2. Luogu P2567 [SCOI2010] Lucky Numbers

• Problem Description: Numbers composed only of 4 and 7 are called lucky numbers (e.g., 4, 7, 44, 47). If a positive integer can be divided by any lucky number, it is called a magical number. Find the number of magical numbers in the interval $[A, B]$. $1 \le A \le B \le 10^{10}$.

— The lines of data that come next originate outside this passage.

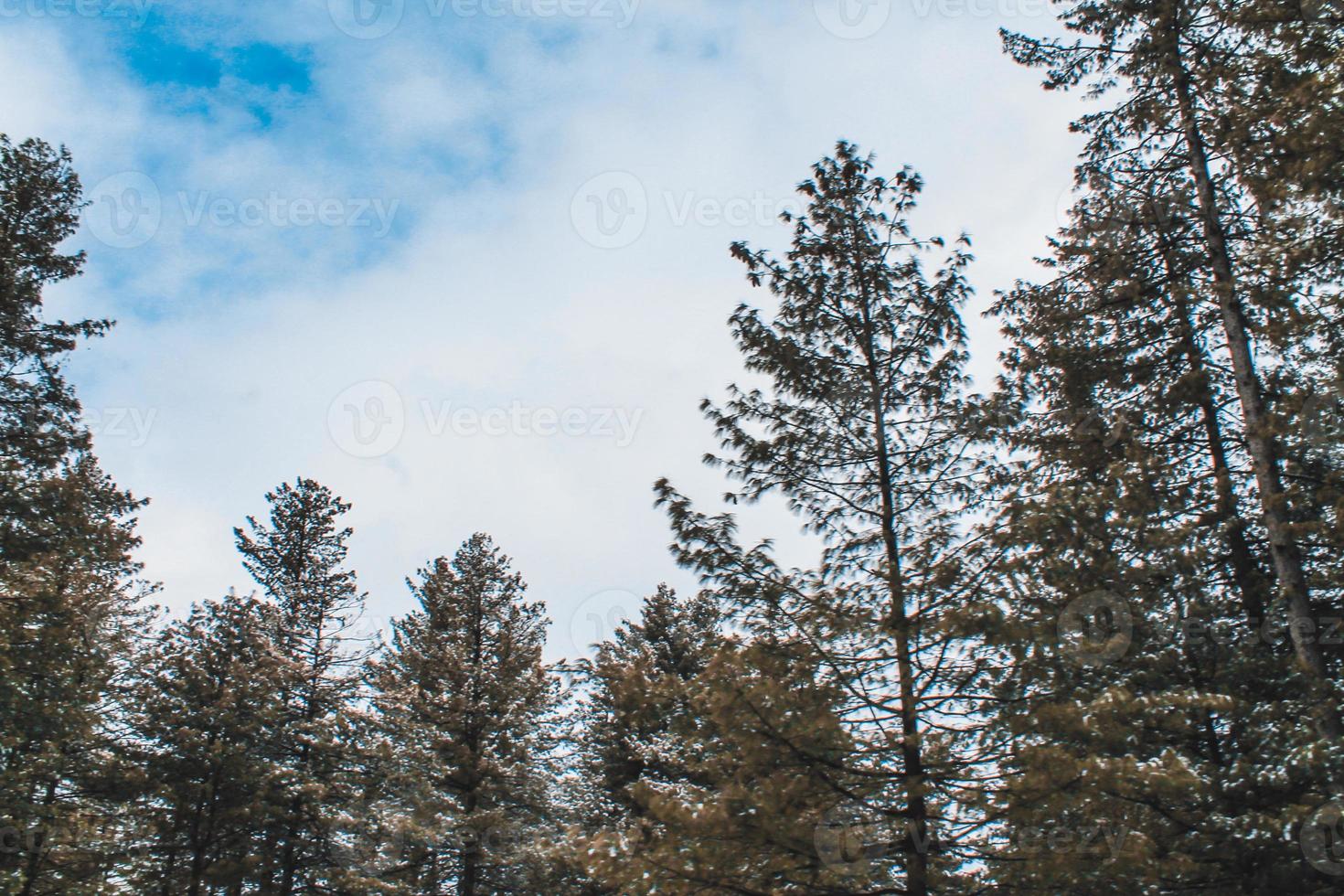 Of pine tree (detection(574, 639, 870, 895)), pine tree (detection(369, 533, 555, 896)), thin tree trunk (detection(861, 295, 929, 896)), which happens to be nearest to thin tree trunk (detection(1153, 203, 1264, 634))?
thin tree trunk (detection(861, 295, 929, 896))

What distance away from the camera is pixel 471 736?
74.4 feet

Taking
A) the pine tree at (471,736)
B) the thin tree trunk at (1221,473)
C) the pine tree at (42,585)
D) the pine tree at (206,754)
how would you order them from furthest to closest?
A: the pine tree at (471,736) → the pine tree at (206,754) → the pine tree at (42,585) → the thin tree trunk at (1221,473)

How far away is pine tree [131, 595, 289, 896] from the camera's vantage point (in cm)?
1817

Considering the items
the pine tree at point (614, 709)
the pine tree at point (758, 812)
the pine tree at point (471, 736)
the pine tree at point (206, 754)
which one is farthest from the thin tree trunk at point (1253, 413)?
the pine tree at point (206, 754)

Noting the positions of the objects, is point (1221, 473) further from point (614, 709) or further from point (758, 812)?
point (614, 709)

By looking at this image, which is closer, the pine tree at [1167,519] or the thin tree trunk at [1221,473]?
the pine tree at [1167,519]

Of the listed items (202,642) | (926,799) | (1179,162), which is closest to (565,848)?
(926,799)

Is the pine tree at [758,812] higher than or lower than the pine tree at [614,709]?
lower

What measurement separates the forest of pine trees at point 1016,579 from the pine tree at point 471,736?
7.86ft

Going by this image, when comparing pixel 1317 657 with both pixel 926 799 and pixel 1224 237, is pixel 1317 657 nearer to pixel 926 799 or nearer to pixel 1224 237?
pixel 926 799

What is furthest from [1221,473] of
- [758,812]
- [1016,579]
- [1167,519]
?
[758,812]

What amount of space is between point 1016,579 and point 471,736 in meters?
17.9

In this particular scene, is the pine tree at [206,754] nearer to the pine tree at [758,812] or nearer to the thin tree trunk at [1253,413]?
the pine tree at [758,812]

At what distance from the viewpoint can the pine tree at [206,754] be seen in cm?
1817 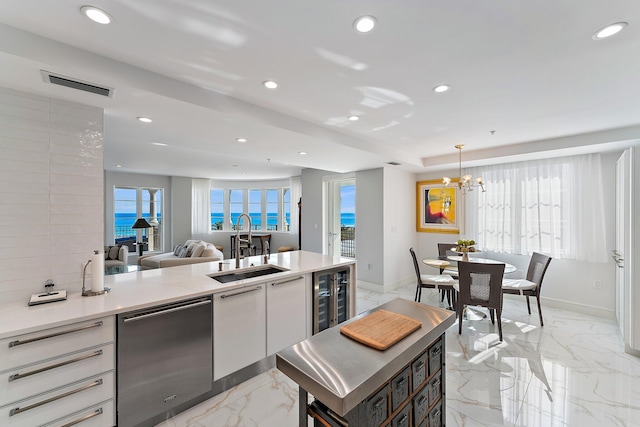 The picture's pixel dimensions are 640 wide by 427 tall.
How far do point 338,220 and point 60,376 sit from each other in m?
5.21

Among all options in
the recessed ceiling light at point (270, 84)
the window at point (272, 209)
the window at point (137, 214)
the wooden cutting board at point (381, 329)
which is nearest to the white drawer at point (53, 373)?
the wooden cutting board at point (381, 329)

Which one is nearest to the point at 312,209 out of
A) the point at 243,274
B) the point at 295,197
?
the point at 295,197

• Core Problem Essence: Counting the union of non-coprime sets over a large range.
• Core Solution Idea: First, use DFS to search for all base lucky numbers within the range $[1, B]$, removing redundant numbers that have multiplicative relationships (e.g., having 4 means 44 is unnecessary). After filtering, the remaining number of lucky numbers is about in the hundreds. Since hundreds of numbers cannot directly apply the $2^n$ state compression exclusion, we must perform pruning DFS search exclusion. During the search for combinations, once the current least common multiple $lcm > B$, direct feasibility pruning is performed. The depth of the search tree naturally serves as bits_count, completing the implementation of the inclusion-exclusion principle over a large range.